Fall-Winter 2008: My Parents’ Funerals: Then and Now

by George Schmidt

My father died in 1962 when I was 16 years old. He had married late in life, had very little insurance and was receiving a small pension which was immediately stopped by his former employer. He left his widow, my brother who was a first classman (senior) at the United States Naval Academy, and me. To state the obvious, we were not left “well off” financially at his passing.

It was his desire to have a “minimal” funeral with a closed casket, no public viewing and to be cremated. He had been a leader of our Episcopal church — senior warden, vestryman, treasurer, building committee chairman — and in these positions, he had had a great deal of contact with local businessmen. One of these men was the director of a funeral home located just a few doors away from the church. The funeral director was also an acquaintance of Dad’s with whom he had played golf. He was fully aware of our family’s circumstances.

We naturally turned to this man to help with Dad’s requested arrangements. To put it mildly, we were completely ripped off. I still can remember the sales pitch in the “showroom” describing what my Dad would have wanted and certainly deserved for a full service, embalming, and an expensive casket that wound up being burned within a week. And of course, as we were at our most vulnerable, we succumbed to it all. I don’t remember the total bill, but I believe it was well into four figures — and, remember, this was 1962. Some months later, when the realization of what had happened sank into us, it left a distinct impression on my mother, my brother and me that has not been altered or ameliorated in the 46 years since Dad’s passing.

As a consequence, all of us swore to each other that our funerals would be different — simple, dignified and with a minimum of financial burden on those we left behind.  So I joined the Funeral Consumer Alliance and I am most happy and grateful that I did. My mother recently passed away — in her 99th year, God bless her! — after a brief period of at-home hospice care. I called FCA on how to effect the kind of funeral we desired. My call was answered promptly and I was steered in a direction that proved to be exactly what we wanted as a family. Rather than a local funeral home, we selected a New Haven service which provided us with a direct cremation that was handled with professional competence and a caring, sensitive attitude. The services and expenses were fully described at the initial meeting and exactly matched the final invoice. We were able to save at least $1,000 over the closest “minimum” price that was advertised by local funeral homes — something that would have made my mother extremely happy!
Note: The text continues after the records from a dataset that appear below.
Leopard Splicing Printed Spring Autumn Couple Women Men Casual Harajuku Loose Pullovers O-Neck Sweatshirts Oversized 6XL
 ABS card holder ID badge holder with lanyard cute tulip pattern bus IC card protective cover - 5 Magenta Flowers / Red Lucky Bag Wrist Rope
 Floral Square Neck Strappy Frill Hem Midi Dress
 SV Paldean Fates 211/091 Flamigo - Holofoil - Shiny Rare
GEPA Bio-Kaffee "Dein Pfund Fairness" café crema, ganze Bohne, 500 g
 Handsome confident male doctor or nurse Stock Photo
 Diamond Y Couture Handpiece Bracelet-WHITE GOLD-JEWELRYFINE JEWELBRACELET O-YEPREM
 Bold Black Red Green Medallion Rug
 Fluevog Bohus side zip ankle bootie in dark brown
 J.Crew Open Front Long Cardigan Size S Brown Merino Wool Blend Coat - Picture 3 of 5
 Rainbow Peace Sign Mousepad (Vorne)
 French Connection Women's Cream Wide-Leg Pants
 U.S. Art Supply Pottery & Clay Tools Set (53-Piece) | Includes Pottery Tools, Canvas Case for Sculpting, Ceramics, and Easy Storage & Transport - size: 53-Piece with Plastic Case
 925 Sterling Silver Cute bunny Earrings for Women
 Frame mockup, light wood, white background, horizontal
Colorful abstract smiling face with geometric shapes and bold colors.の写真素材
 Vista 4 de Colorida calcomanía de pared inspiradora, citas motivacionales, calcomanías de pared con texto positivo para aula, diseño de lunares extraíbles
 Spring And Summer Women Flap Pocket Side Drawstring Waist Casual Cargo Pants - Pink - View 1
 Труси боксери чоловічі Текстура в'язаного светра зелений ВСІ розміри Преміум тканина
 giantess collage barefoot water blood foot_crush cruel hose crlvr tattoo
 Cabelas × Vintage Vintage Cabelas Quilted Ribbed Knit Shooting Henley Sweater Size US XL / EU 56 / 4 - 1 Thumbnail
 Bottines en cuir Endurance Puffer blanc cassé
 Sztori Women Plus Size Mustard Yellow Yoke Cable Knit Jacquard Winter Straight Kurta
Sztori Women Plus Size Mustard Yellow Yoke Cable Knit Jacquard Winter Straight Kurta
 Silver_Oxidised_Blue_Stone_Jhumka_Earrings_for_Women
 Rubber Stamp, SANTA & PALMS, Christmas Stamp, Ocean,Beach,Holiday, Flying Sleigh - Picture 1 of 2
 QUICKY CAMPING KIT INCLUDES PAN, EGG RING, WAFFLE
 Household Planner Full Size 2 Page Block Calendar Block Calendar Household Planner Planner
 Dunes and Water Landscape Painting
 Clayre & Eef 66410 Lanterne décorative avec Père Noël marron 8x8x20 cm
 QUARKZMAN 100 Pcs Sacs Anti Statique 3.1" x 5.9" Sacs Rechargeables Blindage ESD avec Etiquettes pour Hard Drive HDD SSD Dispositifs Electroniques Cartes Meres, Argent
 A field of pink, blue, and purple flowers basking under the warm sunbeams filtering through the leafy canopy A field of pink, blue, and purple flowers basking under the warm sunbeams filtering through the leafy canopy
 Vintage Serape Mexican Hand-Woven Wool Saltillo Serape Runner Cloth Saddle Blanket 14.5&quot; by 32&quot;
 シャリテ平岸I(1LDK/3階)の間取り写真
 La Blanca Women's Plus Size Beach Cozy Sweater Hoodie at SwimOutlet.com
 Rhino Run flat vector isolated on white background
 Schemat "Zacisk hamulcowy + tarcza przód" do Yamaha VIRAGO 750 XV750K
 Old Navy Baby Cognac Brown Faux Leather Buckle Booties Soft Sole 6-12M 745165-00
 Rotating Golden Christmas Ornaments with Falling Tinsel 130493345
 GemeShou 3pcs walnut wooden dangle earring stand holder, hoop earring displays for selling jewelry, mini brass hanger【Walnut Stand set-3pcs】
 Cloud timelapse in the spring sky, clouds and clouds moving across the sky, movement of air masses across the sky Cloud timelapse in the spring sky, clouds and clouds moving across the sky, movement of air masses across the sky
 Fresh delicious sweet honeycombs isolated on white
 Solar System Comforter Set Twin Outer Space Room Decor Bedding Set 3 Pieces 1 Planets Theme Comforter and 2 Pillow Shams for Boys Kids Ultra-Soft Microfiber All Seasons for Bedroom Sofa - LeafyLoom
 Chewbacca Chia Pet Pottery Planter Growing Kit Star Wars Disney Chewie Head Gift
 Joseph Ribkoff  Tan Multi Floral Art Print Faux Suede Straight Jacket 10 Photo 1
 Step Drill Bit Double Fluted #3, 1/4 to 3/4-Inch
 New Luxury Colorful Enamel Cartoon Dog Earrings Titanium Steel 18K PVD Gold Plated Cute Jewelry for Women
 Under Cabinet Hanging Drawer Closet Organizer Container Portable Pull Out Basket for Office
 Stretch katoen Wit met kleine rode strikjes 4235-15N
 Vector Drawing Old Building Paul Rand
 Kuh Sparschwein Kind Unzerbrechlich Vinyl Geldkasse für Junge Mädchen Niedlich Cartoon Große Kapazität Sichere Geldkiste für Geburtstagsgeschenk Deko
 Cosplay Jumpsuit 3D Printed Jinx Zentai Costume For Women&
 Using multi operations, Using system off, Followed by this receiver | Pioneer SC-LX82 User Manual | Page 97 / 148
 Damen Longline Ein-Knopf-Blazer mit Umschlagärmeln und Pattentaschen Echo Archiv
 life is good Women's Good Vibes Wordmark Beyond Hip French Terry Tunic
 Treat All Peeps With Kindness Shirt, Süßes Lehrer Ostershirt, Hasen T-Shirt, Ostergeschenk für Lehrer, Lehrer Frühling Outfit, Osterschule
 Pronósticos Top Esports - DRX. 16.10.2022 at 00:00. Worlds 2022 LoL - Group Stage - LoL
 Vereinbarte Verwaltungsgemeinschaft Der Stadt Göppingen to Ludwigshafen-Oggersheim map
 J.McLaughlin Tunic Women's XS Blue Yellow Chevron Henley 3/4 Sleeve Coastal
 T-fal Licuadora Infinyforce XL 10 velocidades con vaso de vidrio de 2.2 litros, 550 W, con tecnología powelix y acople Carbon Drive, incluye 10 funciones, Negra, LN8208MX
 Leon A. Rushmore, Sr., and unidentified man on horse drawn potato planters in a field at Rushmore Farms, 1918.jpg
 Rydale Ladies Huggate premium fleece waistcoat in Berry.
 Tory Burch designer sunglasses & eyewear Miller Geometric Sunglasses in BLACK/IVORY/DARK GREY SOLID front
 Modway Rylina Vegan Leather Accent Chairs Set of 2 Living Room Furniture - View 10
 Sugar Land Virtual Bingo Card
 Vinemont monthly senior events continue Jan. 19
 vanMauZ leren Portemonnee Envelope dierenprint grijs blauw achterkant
There is a sequel; we prepared a 325 word obituary and submitted it electronically to our local newspaper. The paper called and said that the price to publish the obituary would be $286.48! I was astounded and my mother would have been appalled — and even the woman who called me apologized for the price, noting that she was only the messenger! But I quickly figured it out: a newspaper requires that a funeral director verify a death and there is an implicit alliance to encourage spending on all facets of death. When you receive your invoice for services from the funeral home, which could be $6,000, $8,000 or $10,000, you are unlikely to note a $300 charge for an obituary. Needless to say, there was no obituary for my mother printed, As someone who lived through the Great Depression as the sole support of her widowed mother, her sister and herself, she would have been more than pleased with this decision too.